» **BRIEF**
With the exception of the pictures, transcribe the entire listing exactly.

##### DATASET ENTRIES

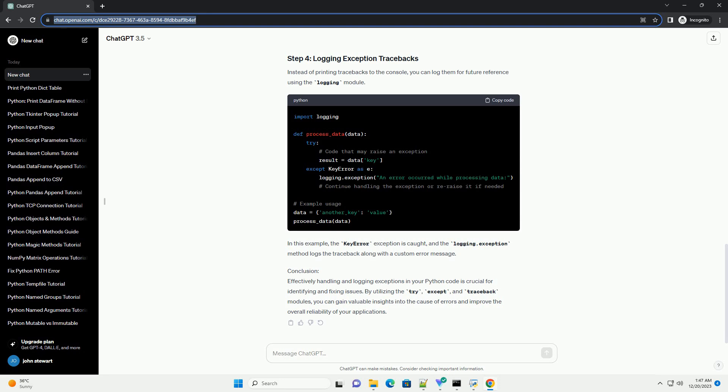Instead of printing tracebacks to the console, you can log them for future reference using the logging module. In this example, the KeyError exception is caught, and the logging.exception method logs the traceback along with a custom error message.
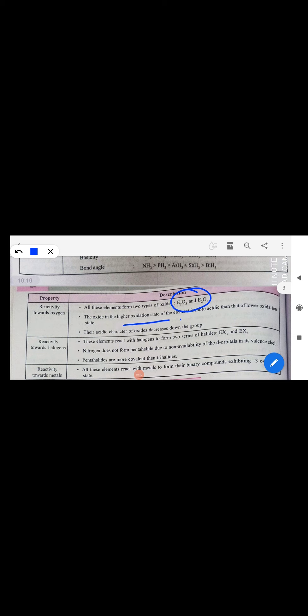Group 15 elements react with oxygen to form two types of oxides: E₂O₃ and E₂O₅. The higher oxidation state oxide is more acidic than the lower oxidation state oxide. Acidic character of oxides decreases down the group while basic character of oxides increases.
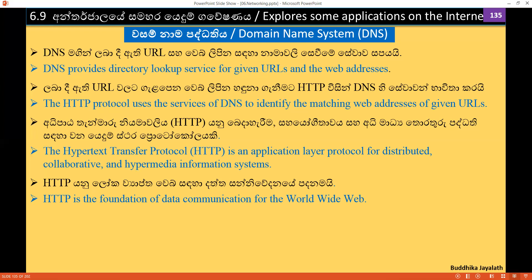The HTTP protocol uses the services of DNS to identify the matching web address of a given URL. The hypertext transfer protocol is an application layer protocol for distributed, collaborative, and hypermedia information systems.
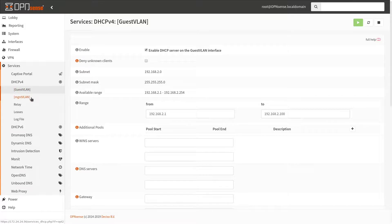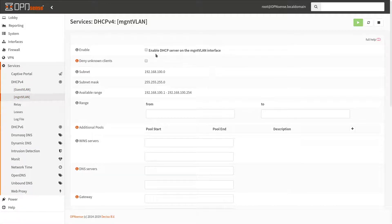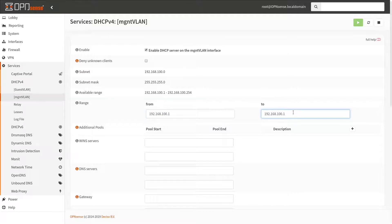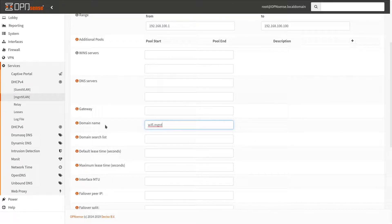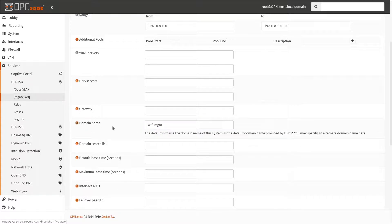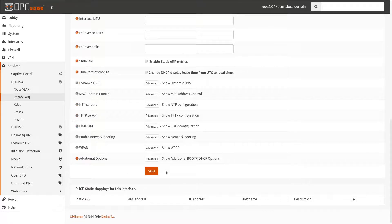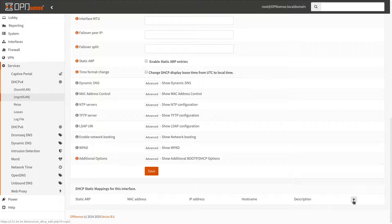Now let's switch to the management network. Again enable the service, specify your IP range, and make sure that you specify the domain name — because without it this setup will not work. Go ahead and click Save. One more thing: if you want your access points to be on a static IP, just add the static DHCP mapping here.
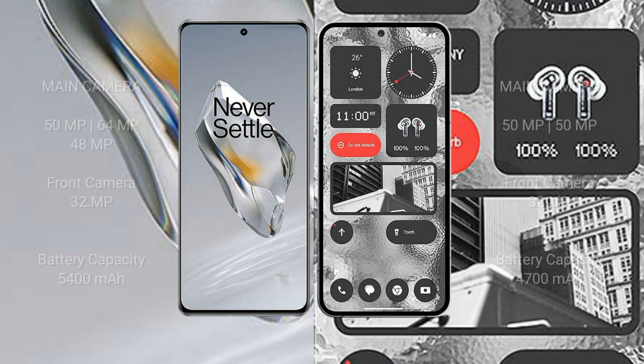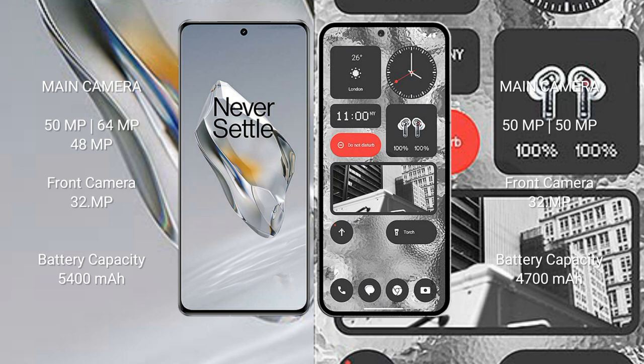OnePlus 12 rear set triple camera setup 50 megapixel plus 64 megapixel plus 48 megapixel and front camera 32 megapixel. Nothing Phone 2 rear set dual camera setup 50 megapixel plus 50 megapixel, front camera 32 megapixel.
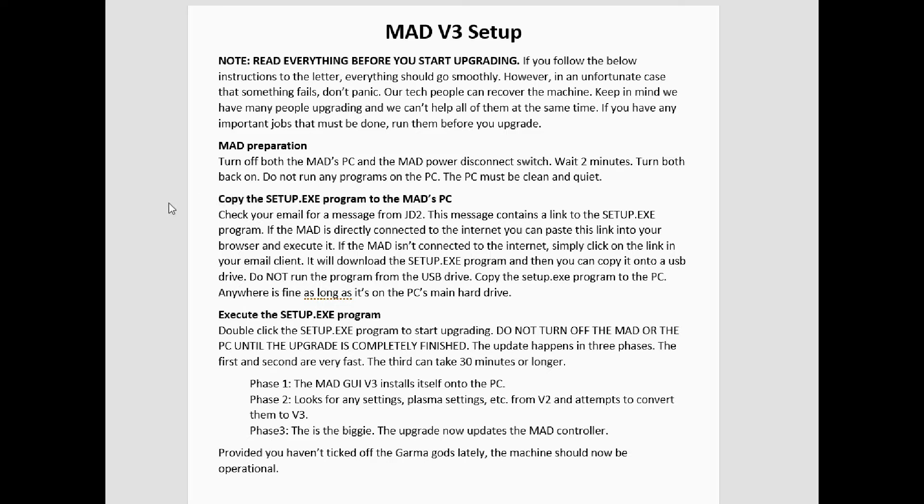In this paragraph, we talk about downloading the link. You're going to either download the link from your MAD machine onto the PC, in which case you can execute it right from there at the machine, or go to your desktop, download the link, copy it onto a USB, take the USB out to the MAD, plug it in, and copy that onto your PC.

##########

» **ANSWER**
Instead of printing tracebacks to the console, you can log them for future reference using the logging module. In this example, the KeyError exception is caught, and the logging.exception method logs the traceback along with a custom error message.
Group 15 elements react with oxygen to form two types of oxides: E₂O₃ and E₂O₅. The higher oxidation state oxide is more acidic than the lower oxidation state oxide. Acidic character of oxides decreases down the group while basic character of oxides increases.
The HTTP protocol uses the services of DNS to identify the matching web address of a given URL. The hypertext transfer protocol is an application layer protocol for distributed, collaborative, and hypermedia information systems.
Now let's switch to the management network. Again enable the service, specify your IP range, and make sure that you specify the domain name — because without it this setup will not work. Go ahead and click Save. One more thing: if you want your access points to be on a static IP, just add the static DHCP mapping here.
OnePlus 12 rear set triple camera setup 50 megapixel plus 64 megapixel plus 48 megapixel and front camera 32 megapixel. Nothing Phone 2 rear set dual camera setup 50 megapixel plus 50 megapixel, front camera 32 megapixel.
In this paragraph, we talk about downloading the link. You're going to either download the link from your MAD machine onto the PC, in which case you can execute it right from there at the machine, or go to your desktop, download the link, copy it onto a USB, take the USB out to the MAD, plug it in, and copy that onto your PC.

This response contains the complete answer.